Parsed versions of the corpus have been created by Phil Durrant using the Stanford Core NLP parser, and are available here: https://phildurrant.net/parsed-bawe-corpus/
With Sketch engine open access*
The Sketch Engine open access interface will allow you to view concordance lines and surrounding contexts. You can select the files you want to examine by filtering for features contained in the file header (for example you can choose a specific genre family, or the discipline / level / gender / L1 of contributors).
This manual will help you get started with Sketch Engine.
See also:
- Diana McCarthy's slides from the BAAL Corpus Linguistics SIG event, December 2010.
With Lextutor
Concordances from an untagged version of the BAWE corpus can be created using Lextutor. This is a freely accessible, easy-to-use tool for teachers and learners.
With the EAP Foundation Concordancer
Concordances from an untagged version of the corpus can be created with the concordancer on the EAP Foundation website. This is freely accessible and very easy to use for simple searches.
With CorpusMate
CorpusMate enables teachers and learners to discover the language used in different disciplines. BAWE is one of the corpora in the CorpusMate database.
By subscription
Subscribing to Sketch Engine provides access to a number pre-loaded corpora, including BASE and BAWE, and offers a wider range of search features.
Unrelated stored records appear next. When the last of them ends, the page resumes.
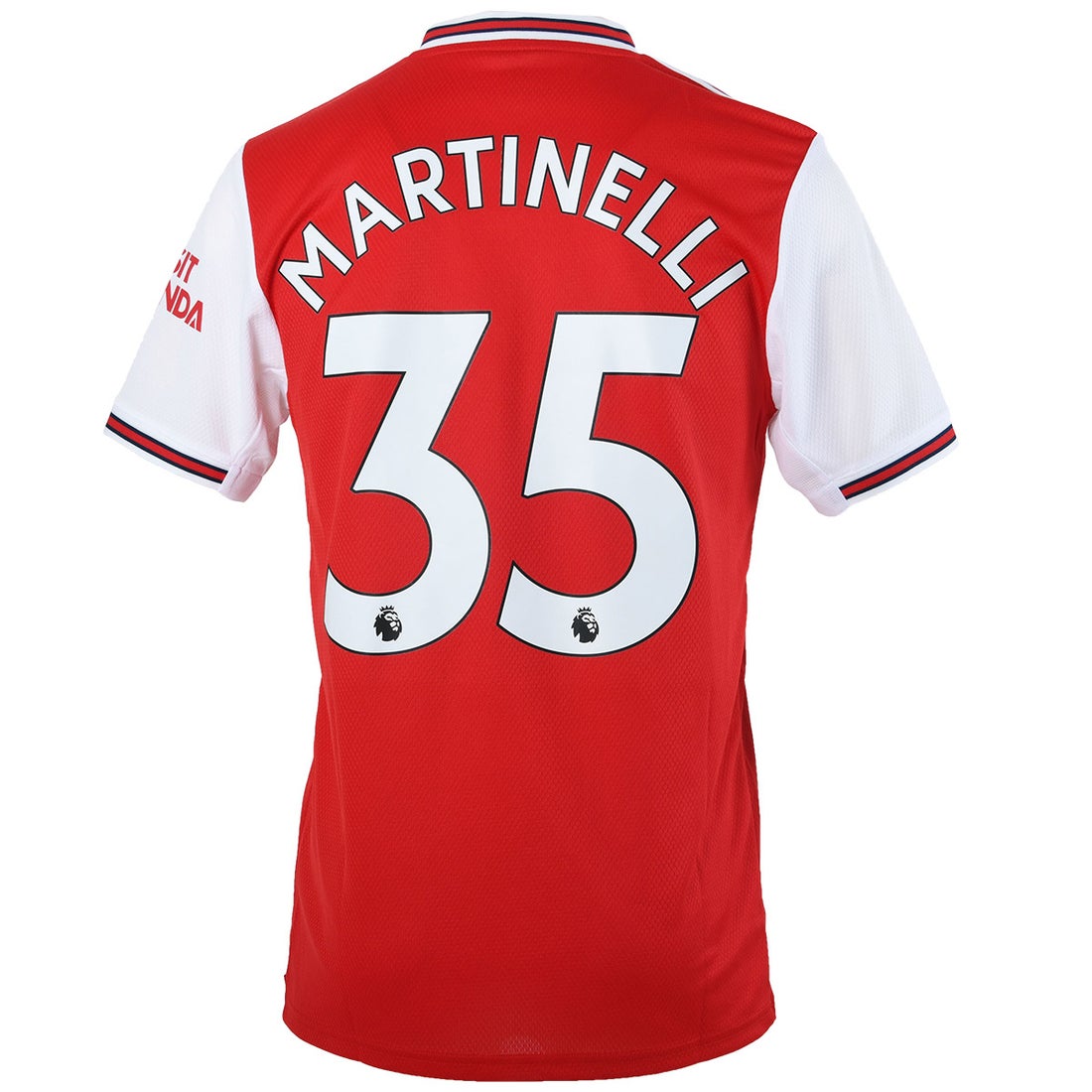 adidas アーセナル 19/20 ユニフォーム ホーム 半袖 レプリカ #35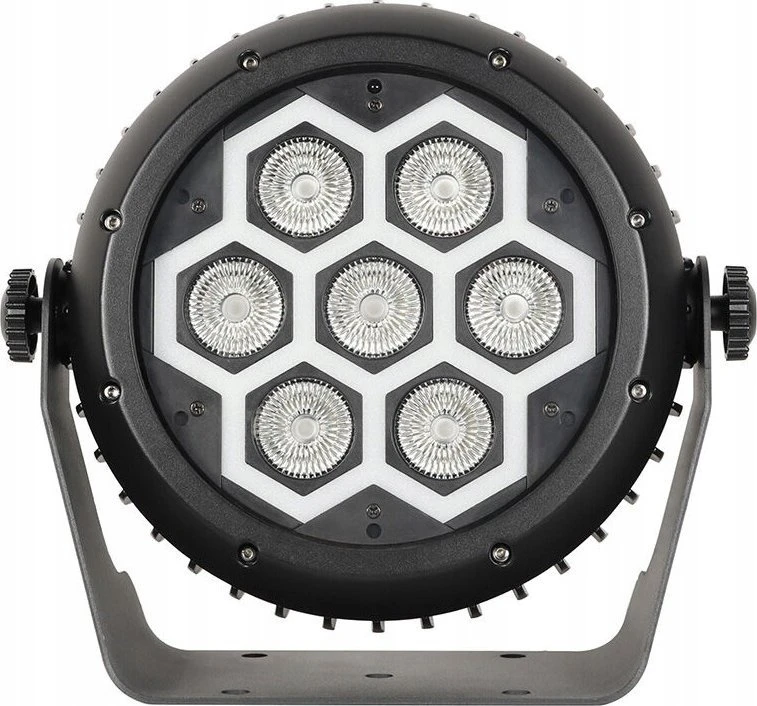 LIGHT4ME FRAME PAR IP65 7x10W LED RGBW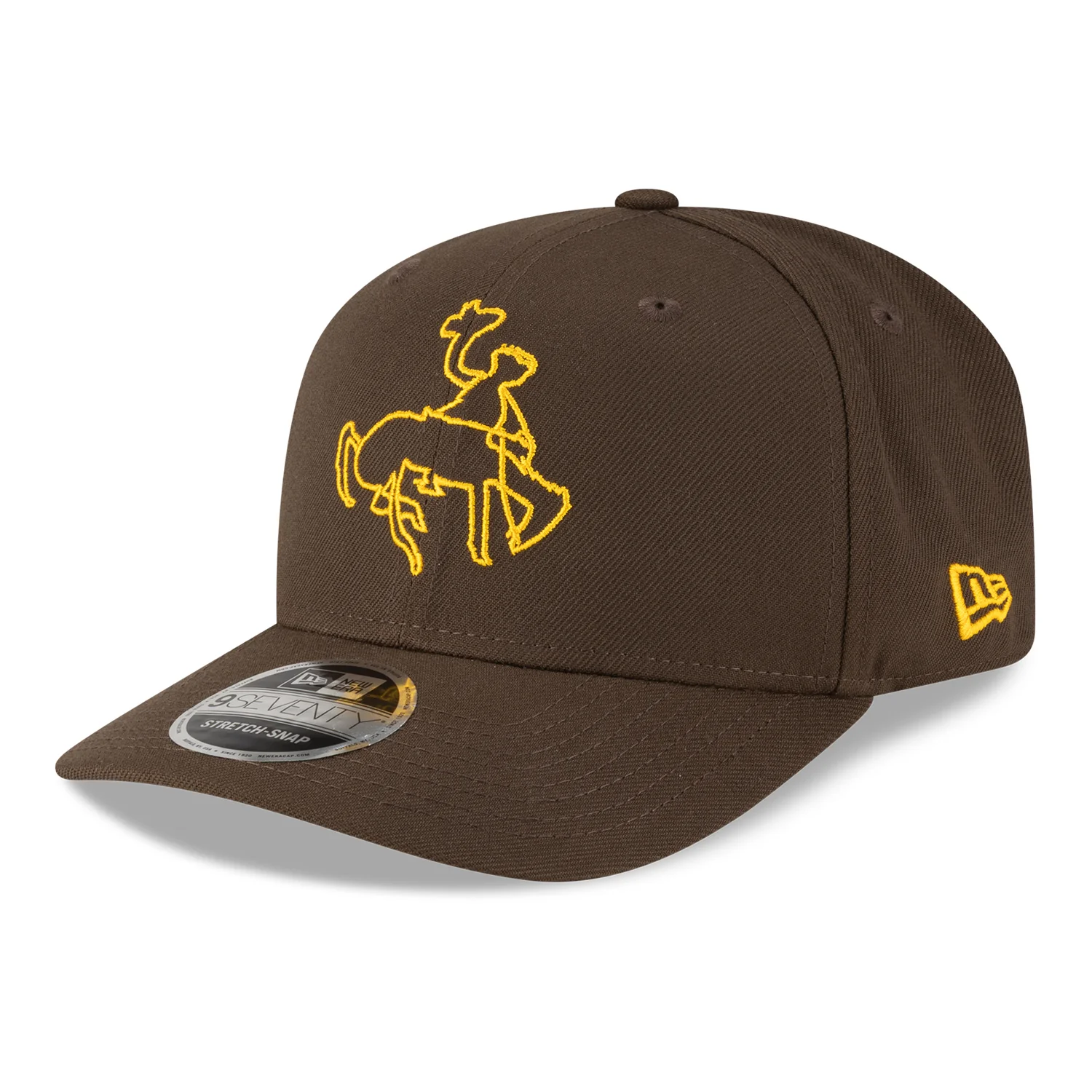 New Era 9SEVENTY Josh Allen Wyoming Hat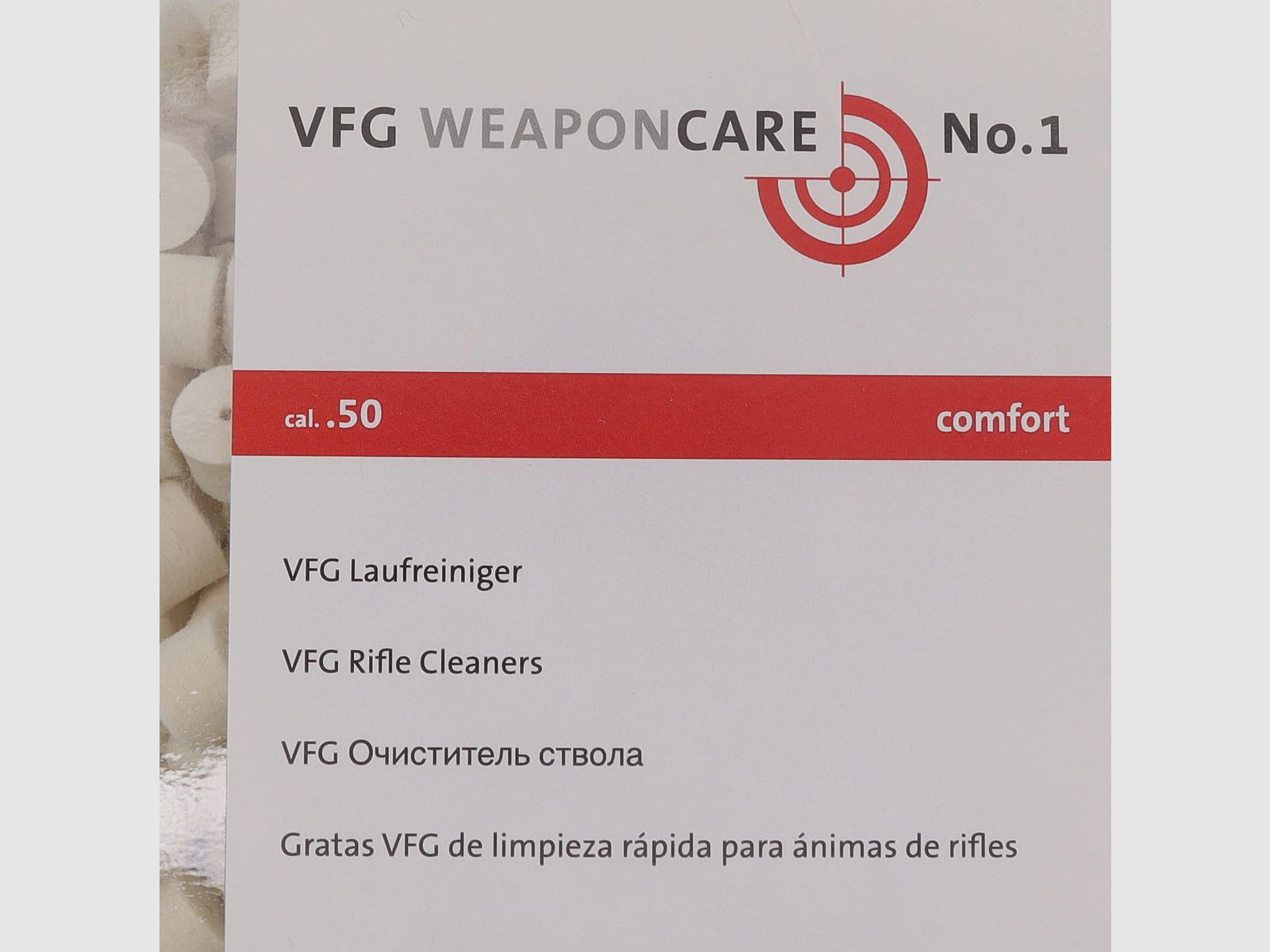 VFG Running Cleaner ''Comfort'' - .50 (250 pcs.)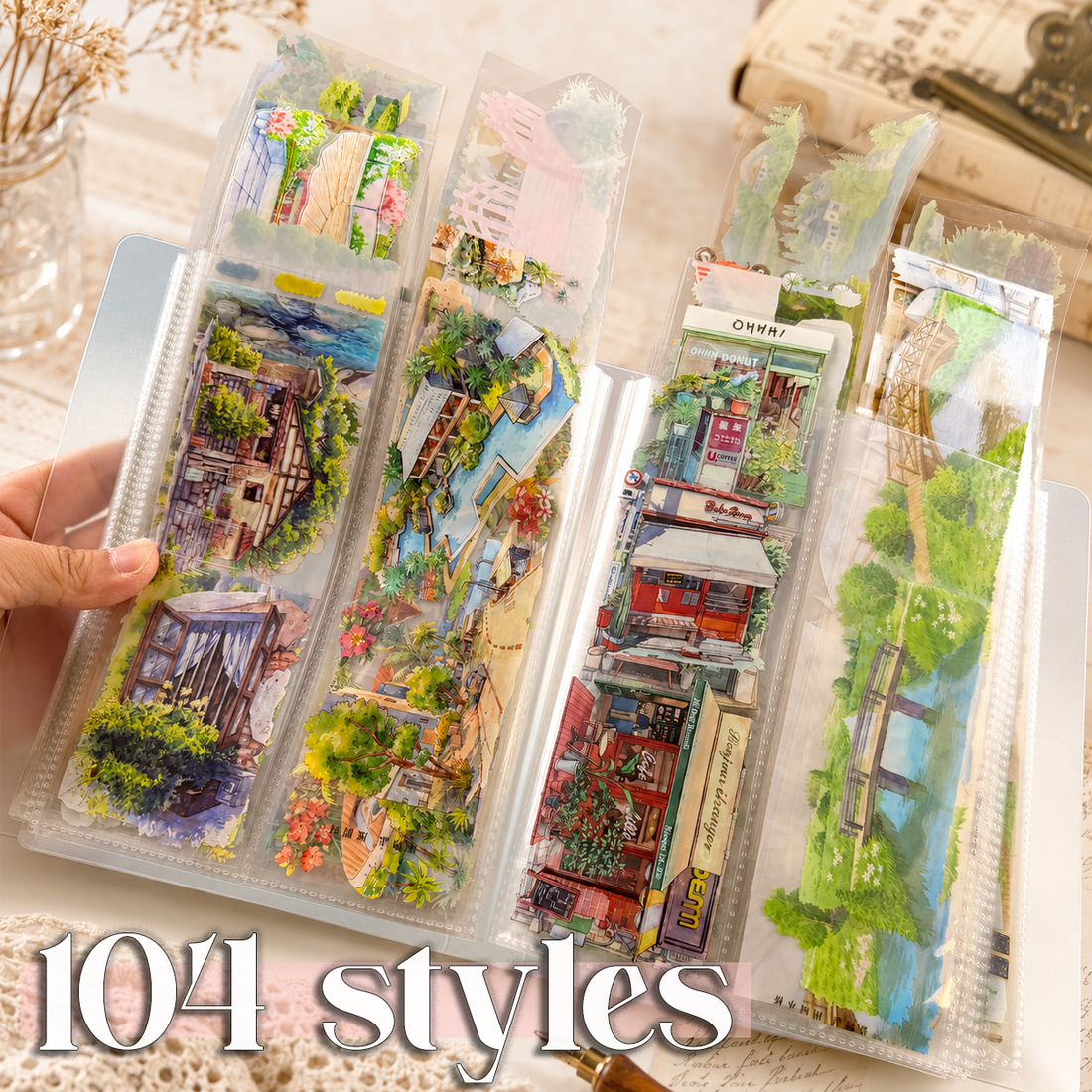 Landscape-Themed Journal & Scrapbooking Mystery Box | Great for beginners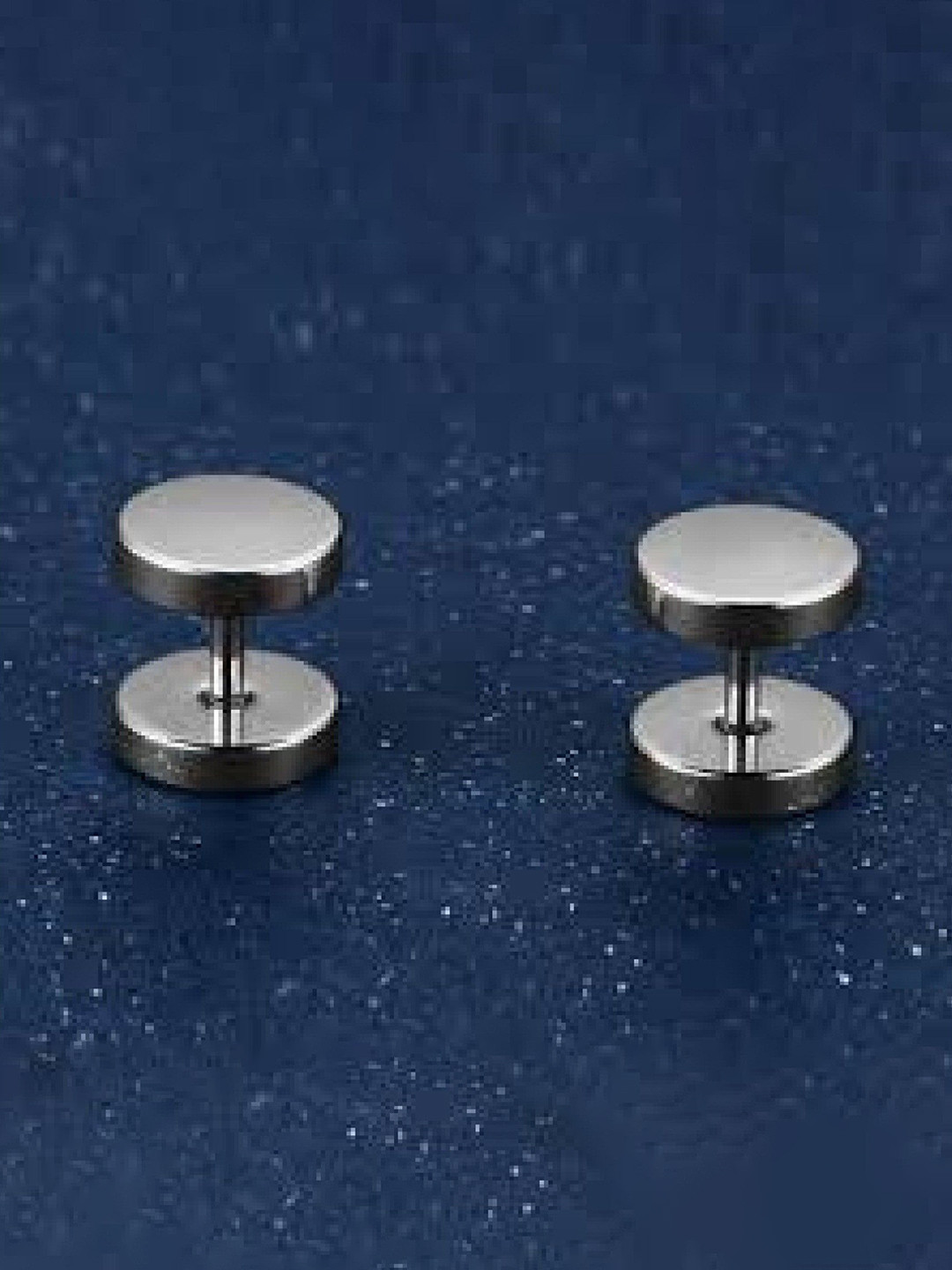 Crazy Dumbell Fashion Earring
You can register for a 30-day free trial account.
*Notes about the BAWE Corpus in Sketch Engine
This version of the corpus has been prepared by Paul Thompson and Alois Heuboeck at Reading University. The files have been tagged by Paul Rayson at Lancaster University for POS (CLAWS tagset) and for semantic category using WMatrix. The Sketch Engine website describes query options for this version, as some of the BAWE markup has been modified.
BAWE contains 6,506,995 running words, but in SketchEngine the total number of tokens is reported as 8,336,262. This is because the SketchEngine token counts include punctuation.
Teaching and Learning
The BAWE Quicklinks project provides selected links for teachers to use in their feedback to students.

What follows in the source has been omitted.